---------- THE DATA
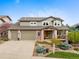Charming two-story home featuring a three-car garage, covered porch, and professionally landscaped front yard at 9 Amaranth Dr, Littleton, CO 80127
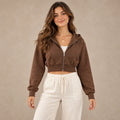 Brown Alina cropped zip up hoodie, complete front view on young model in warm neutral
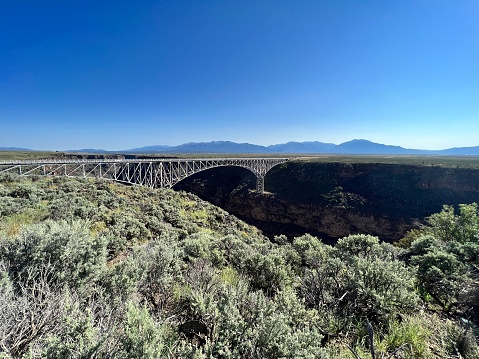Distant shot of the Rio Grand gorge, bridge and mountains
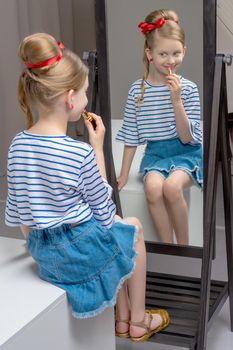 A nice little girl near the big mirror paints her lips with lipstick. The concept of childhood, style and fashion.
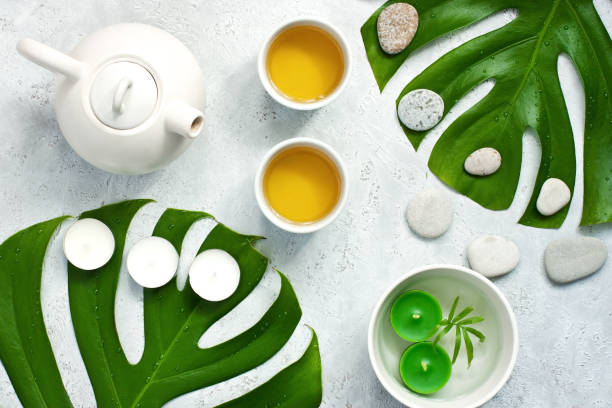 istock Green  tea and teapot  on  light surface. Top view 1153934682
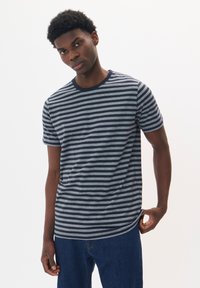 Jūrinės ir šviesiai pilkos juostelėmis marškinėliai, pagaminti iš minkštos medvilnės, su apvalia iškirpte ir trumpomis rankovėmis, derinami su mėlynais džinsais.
--------------------
---------- THE DATA
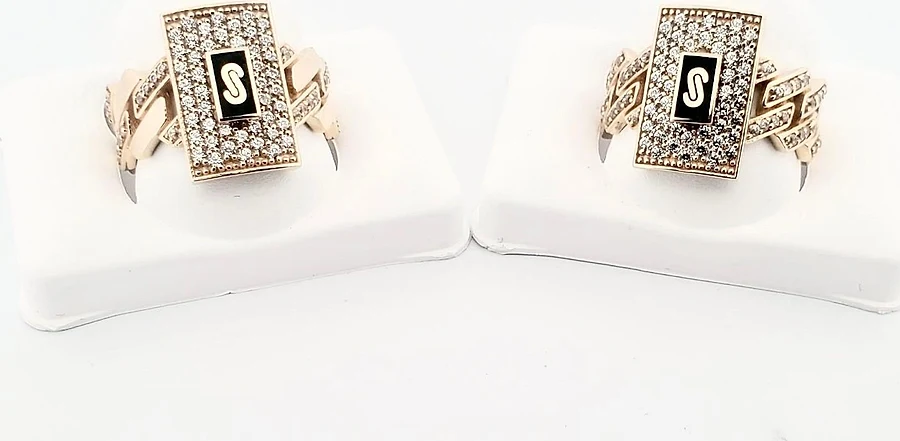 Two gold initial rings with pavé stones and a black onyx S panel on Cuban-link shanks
--------------------
### WHAT YOU HAVE TO DO
Everything above from the line containing "Distant shot of" down to the line containing "Top view 1153934682" is to be duplicated exactly, both lines included, and the pictures are to be omitted.

### WRITTEN ANSWER
Distant shot of the Rio Grand gorge, bridge and mountains
 A nice little girl near the big mirror paints her lips with lipstick. The concept of childhood, style and fashion.
 istock Green  tea and teapot  on  light surface. Top view 1153934682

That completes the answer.